In a recent report, the NY Times' Bob Tedeschi provocatively asks "Is Amazon.com becoming the Napster of the book business?". It's a provocative question, but one that ignores the copyright and property laws that effect real property and printed matter. There is no Digital Millennium Copyright Act for bit based mediums like books but that doesn't stop the publishers from talking up the metaphor: "Used books are to consumer books as Napster was to the music industry," Lorraine Shanley, a publishing consultant and publisher of Publishing Trends says to Tedeschi. In what reads like a parody but sadly is not, Shanley continues: "The question becomes, 'How does the book industry address its used-book problem?' There aren't any easy answers, especially as no one is breaking any laws here."
Egads. Perfectly legal sales of used books, this is a problem indeed. The obvious implication is, we need new laws to address the "used-book problem" because, as it turns out, in these United States you can actually own movable property, like books, even though you didn't author or publish the ideas contained within the covers. Paying for it is sufficient to gain the right to sell it. In the pre Digital Millenium era, once you own something, you are generally free to sell it but we can solve this problem of owning and selling books by following the inspied work of the RIAA. If we sufficiently reduce the property rights that people have in their books, they'll no longer be able to sell them (and thereby it follows, they'll buy fewer of them, as they will own "less" than they did before). Perfect - the relatively flat market for book publishing will crater like the music publishing market. Can you imagine the DRM required to keep you from selling property you own and can move about at will? Perhaps there is some RFID meets LoJack opportunity these publishing mavens have invested in as a solution.

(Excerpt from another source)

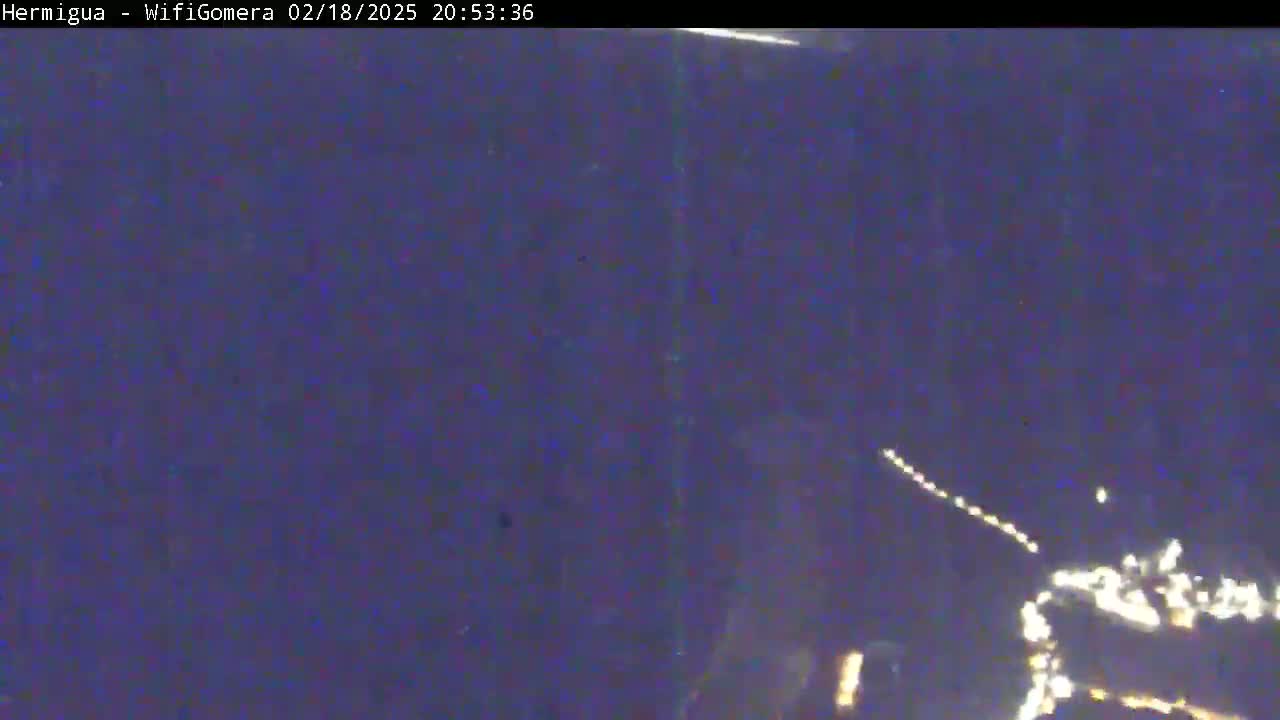 A nighttime, low-light image shows a blurry view of what appears to be distant lights possibly from a city or town.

Now before we take these sorts of measures, we'll want to make sure there is a real problem. Or maybe not. What is the impact of used book sales on the publishing industry? "We think it's not good for the industry and it has an effect, but we can't measure it," said Paul Aiken, executive director of the Authors Guild, a trade group who has previously petitioned amazon not to promote used books next to new books (as is done in many physical book stores) and has previously investigated collecting royalties when libraries lend books to patrons.
Well perhaps someone closer to the publishers knows the impact? "We've not been able to pinpoint a definite effect, but my gut is that absolutely there's an effect," said Dominique Raccah, chief executive of Sourcebooks Inc. in her interview with Tedeschi, pointing out that the book industry had no formal response to online used-book sales "and it concerns me."
Well this whole matter concerns me too. Legal issues aside (like the right to buy and sell property), did these concerned folks consider that used books have a history as old as publishing. That most of human wisdom depends upon the transmisson of ideas in print and that their entire business is based on a public grant of copyright meant to further a public interest.

This is a scandal - and folks ought to speak up about it before these coconuts shoot themselves in the foot and take the publishing industry down the path of the recording industry, with their dreams of electronic texts sold directly to customers and their politically well connected publishing leaders.